View Full Version : Problems with html coments <!-- -->


uruloki
10-23-2003, 10:52 PM
When I index pages with html coments like

<!-- #begintemplate="algo" -->

the spider replace it with

< begintemplate algo >

and this is a problem because I have coments with paths to conexion entries for my DataBases
The regular expressions in robot functions that match with that kind of sentences is as it appears:

//f..k <!SOMETHING tags !!
$text = eregi_replace('(<)!([^-])','\1\2',$text);

Sorry for my english, thanks for suggestions.

BYE

<!-- #begintemplate="algo" -->

Rolandks
10-24-2003, 12:47 AM
It is a problem with with > PHP 4.3.2 . The following must work as possible solution: See this thread here: (http://www.phpdig.net/showthread.php?s=&threadid=140)

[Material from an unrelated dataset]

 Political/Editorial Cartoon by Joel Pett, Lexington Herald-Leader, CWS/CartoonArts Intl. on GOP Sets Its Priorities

Change ONLY this in robot_functions.php Line 160:

//replace any group of blank characters by an unique space
$text = ereg_replace("[[:blank:]]+"," ",strip_tags($text));

to

//replace any group of blank characters by
$text = preg_replace('/<.*>/U', '', $text);


It works with PHP 4.3.2 and PhpDig 1.6.2.
NO html-comments are indexing !


-Roland-

uruloki
10-24-2003, 04:40 AM
The real problem I have is when I index an internet domain, the comments appear, and when I work with the intranet domain works well (no comment). We have PHP 4.3.2. I made that change in the order of eregi_replace in robot_functions.php.

BEFORE:
//replace blank characters by spaces
$text = eregi_replace("--|[{}();\"]+|</[a-z0-9]+>|[\r\n\t]+",' ',$text);

//f..k <!SOMETHING tags !!
$text = eregi_replace('(<)!([^-])','\1\2',$text);

AFTER:
//f..k <!SOMETHING tags !!
$text = eregi_replace('(<)!([^-])','\1\2',$text);

//replace blank characters by spaces
$text = eregi_replace("--|[{}();\"]+|</[a-z0-9]+>|[\r\n\t]+",' ',$text);

I test the change and seems to work fine. I will reindex all today and if results... I post another commentarie.

Again sorry for may english... :D